- [Your task]
In the listing below, find the line with "Hoodie — Chest Back in Grey" and the line with "a woman wears", then return them and every line between them exactly, minus the pictures.

START Given data

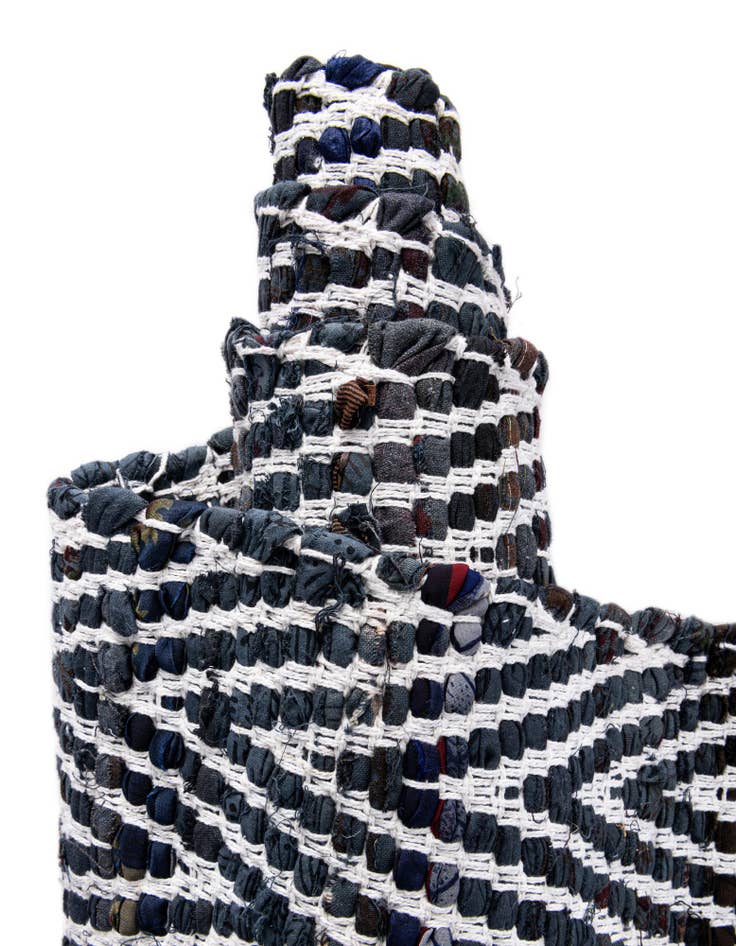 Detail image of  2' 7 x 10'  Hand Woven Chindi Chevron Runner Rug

END Given data
START Given data

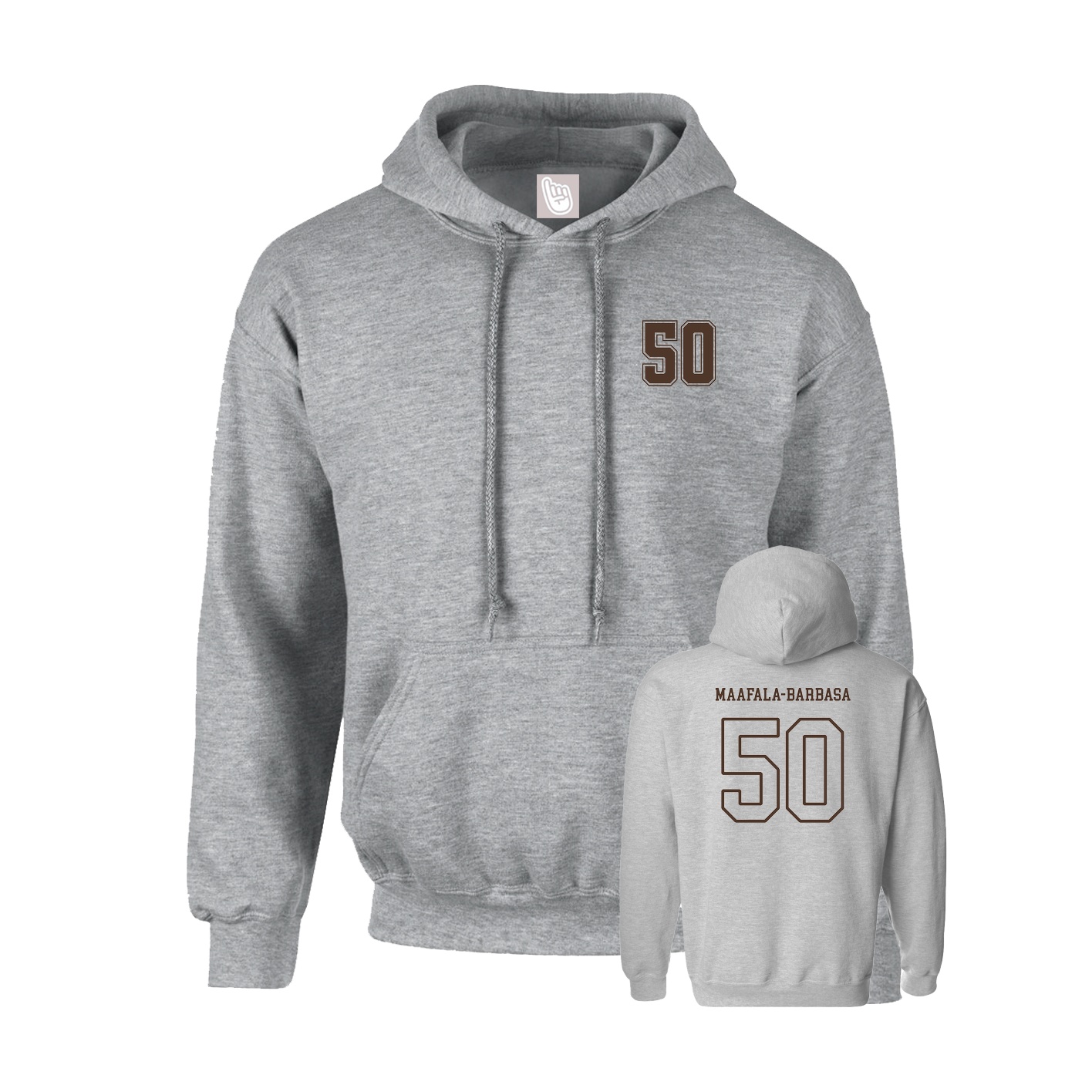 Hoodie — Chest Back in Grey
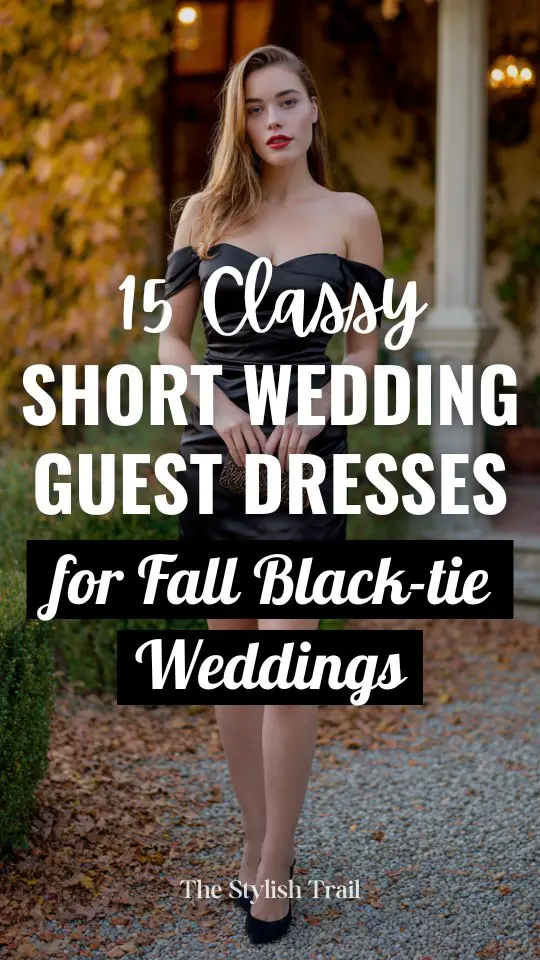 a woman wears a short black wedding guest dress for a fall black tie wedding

END Given data

- [Task answer]
 Hoodie — Chest Back in Grey
 a woman wears a short black wedding guest dress for a fall black tie wedding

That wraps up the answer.